Il Foglio sportivo - IL RITRATTO DI BONANZA

Il coraggio e la sfortuna

Alessandro Bonan

Per avere temerarietà bisogna avere paura ma, nel calcio, per vincere una partita non sempre questa basta, bisogna anche fronteggiare la malasorte. In questi giorni si è visto tanto timore e poca audacia. Il Milan continua a perdere e si pone come un mostro impaurito ai confini della realtà

Bisogna possedere tanta paura per avere coraggio. E non sembri un gioco di parole, il paradosso di un uomo con la penna in mano e la voglia di stupire. La paura ti porta dentro mondi sconosciuti, caverne buie, foreste piene di alberi da cui filtrano soltanto sottili lame di luce, e dove si possono incontrare tribù selvagge e quindi nemiche, e imbatterci in animali orribili, striscianti serpenti velenosi. La paura è un sentimento umano da cui ti puoi salvare soltanto con il coraggio della tua inevitabile debolezza e imprecisione di uomo. 

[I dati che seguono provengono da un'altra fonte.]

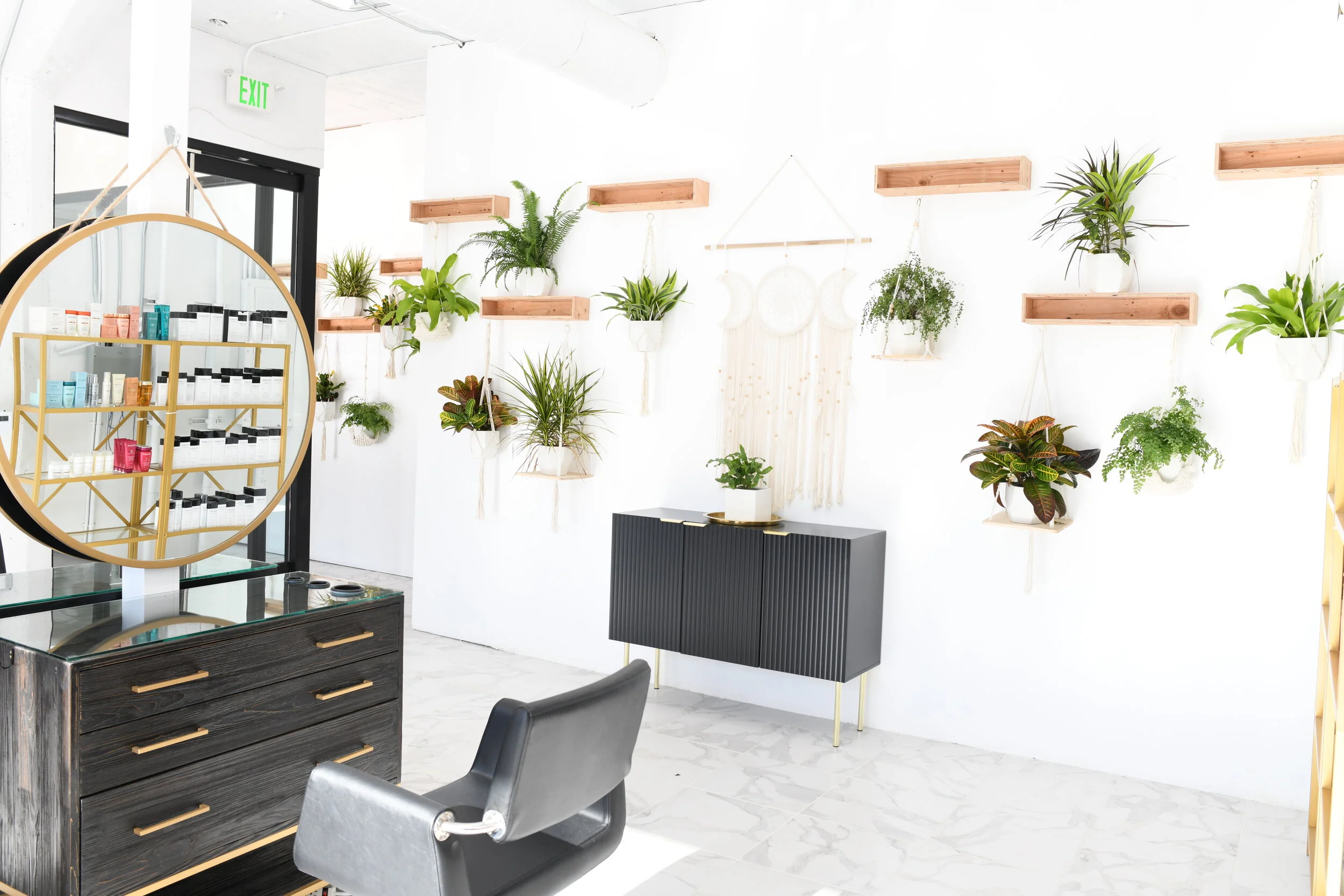 Neihule Academy - Cosmetology School Salon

Un famoso alpinista, Simone Moro, medaglia al valore per aver salvato vite umane in condizioni drammatiche, scalatore di vette impossibili, un giorno mi disse: “Senza la paura, sarei già morto chissà quante volte”. In questi giorni di calcio, ho visto in giro tanta paura ma poco coraggio. Il Milan, continua a perdere e si pone come un mostro impaurito ai confini della realtà. Chiacchiere ostili, partite giocate male, sconfitte senza una faccia, se non quella di un allenatore in balia della situazione e di se stesso, ora che abbiamo scoperto di lui un altro lato, il fantomatico portavoce, una specie di grillo parlante, in grado di smontare l’esigua diplomazia dell’allenatore portoghese a colpi di parole sparate a raffica contro tutti, ambiente, società e squadra.


Le italiane in Europa hanno vinto le partite più facili con la superiorità dei migliori, è successo a Inter e Lazio, e conquistato la più difficile con il coraggio degli impauriti, appunto. È successo alla Roma, sotto di un gol, spaventata da avversari forti, ma poi stupenda a tratti, di quella bellezza che luccica negli occhi del suo imperatore Claudio, ormai vicino alla perfezione come uomo e come allenatore. Coraggioso, nella sua parabola esistenziale ascendente. Non è successo alla Fiorentina, che gioca un calcio incerto, ormai sospeso tra il nulla e il tutto. “Ci siamo addormentati”, ha detto Palladino, del secondo tempo viola. È il sonno di chi ha paura, ma non trova il coraggio di ammetterlo? C’è da dire che non sempre nella vita avere paura con coraggio è sufficiente per ottenere un successo. Seguendo ParisSaint-Germain-Liverpool, mi sono accorto, dai primi piani di Luis Enrique, l’allenatore dei francesi, che lui non aveva nessuna paura, perché la sua squadra stava giocando con coraggio, con forza e con talento. Ma è bastato un attimo, quel pugno di secondi in cui si spostano le nuvole, per infliggergli una sconfitta del tutto immeritata. Perché nel calcio, per vincere una partita, non sempre basta la paura, bisogna possedere anche l’impossibile coraggio di fronteggiare la sfortuna.